Écoles fermées, rues quasi désertes, véhicules blindés dans les rues, Port-au-Prince attendait le coeur battant, hier matin, le retour de l'ex-président Jean-Bertrand Aristide, en exil depuis sept ans. Qu'allait-il dire en sortant de l'avion? Accorderait-il son soutien à l'un des deux candidats à l'élection présidentielle de dimanche? Ses fidèles allaient-ils faire du grabuge dans les rues? Le suspense était à son comble.

Jean-Bertrand Aristide n'a pas fait attendre ses troupes, hier. Comme prévu, l'avion nolisé qui le ramenait d'Afrique du Sud avec sa femme et ses deux filles est arrivé tout juste après 9 h à l'aéroport de Port-au-Prince. Des centaines de journalistes et de collaborateurs de l'ex-président l'y attendaient.

Quelques minutes à peine après avoir atterri, le politicien a prononcé son premier discours. Du coup, il a lancé un pavé dans la mare en dénonçant l'exclusion de son organisation politique, Fanmi Lavalas, de l'élection présidentielle.

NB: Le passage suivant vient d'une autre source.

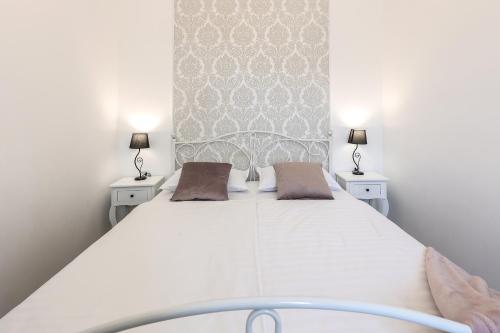 a bedroom with a large white bed with two lamps at APARTMAN BORGO MARINA - by the sea in Rijeka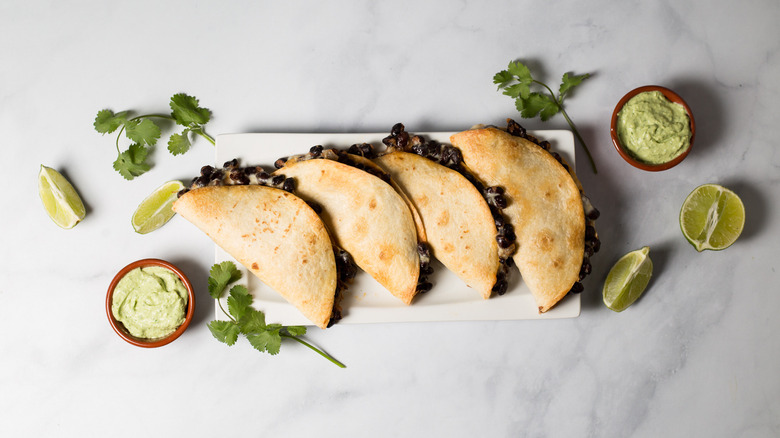 crispy tacos served on table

«L'exclusion de Lavalas, c'est l'exclusion de la majorité des Haïtiens. Et le remède, c'est l'inclusion», a dit M. Aristide en créole, laissant entendre qu'il pourrait contester les résultats du deuxième tour du scrutin, qui doit avoir lieu demain dimanche.

Quelque 4 millions d'électeurs devront choisir entre les deux candidats, soit l'ex-première dame Mirlande Manigat et le chanteur Michel «Sweet Micky» Martelly, qui ont remporté le plus grand nombre de votes au premier tour du 28 novembre dernier.

Hormis cette allusion directe au processus électoral, Jean-Bertrand Aristide s'est surtout contenté hier de saluer ses «frères et soeurs» haïtiens, de rendre hommage aux victimes du séisme de 12 janvier 2010 et de remercier ceux qui l'ont aidé à rentrer d'exil, dont le président actuel de l'Afrique du Sud, Jacob Zuma.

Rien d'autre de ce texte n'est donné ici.